**** SOURCE MATERIAL

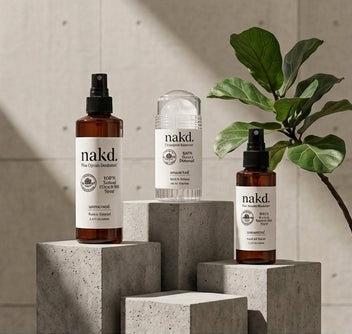 Vasarii aluminum-free Thai crystal deodorant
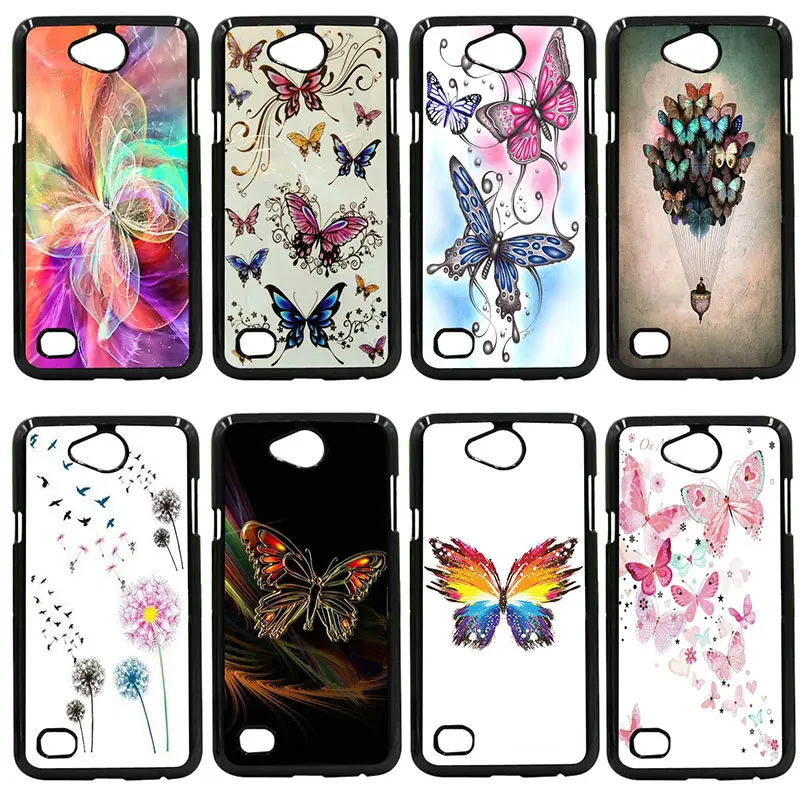 Beautiful Butterfly Fairy Phone Case PC Hard for LG L Prime G2 G4 G5 G6 G7 K4 K8 K10 V20 V30 2017 Nexus 5 6 5X Pixel Shel |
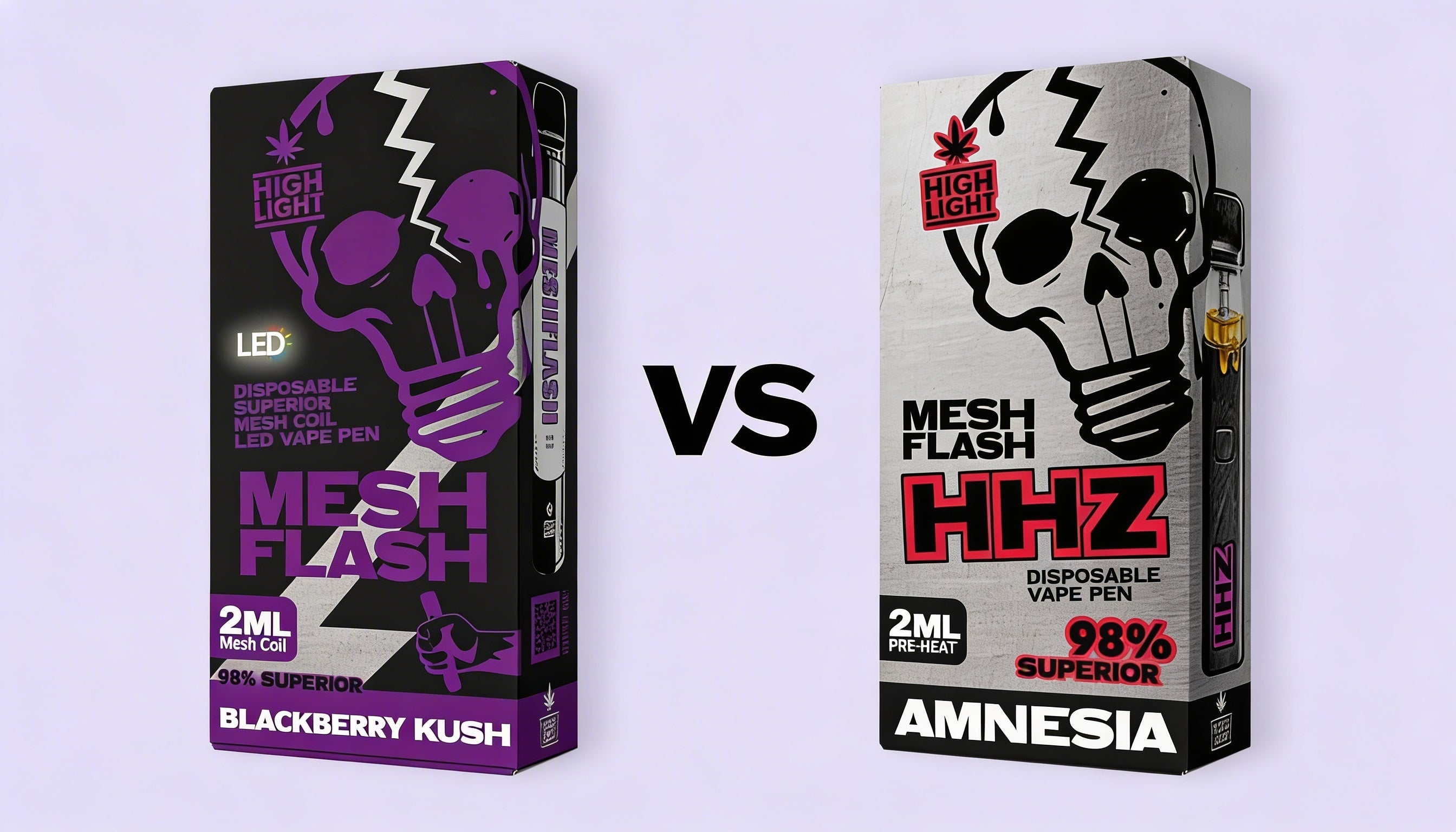 What are Superior Vapes compared to HHZ-Vapes?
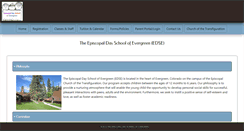 Desktop Screenshot of edse.org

********

PROBLEM - No picture is to be included when the lines from the one containing "Beautiful Butterfly Fairy" through the end of the material above are output exactly; nothing else is written.

WRITTEN RESPONSE -
 Beautiful Butterfly Fairy Phone Case PC Hard for LG L Prime G2 G4 G5 G6 G7 K4 K8 K10 V20 V30 2017 Nexus 5 6 5X Pixel Shel |
 What are Superior Vapes compared to HHZ-Vapes?
 Desktop Screenshot of edse.org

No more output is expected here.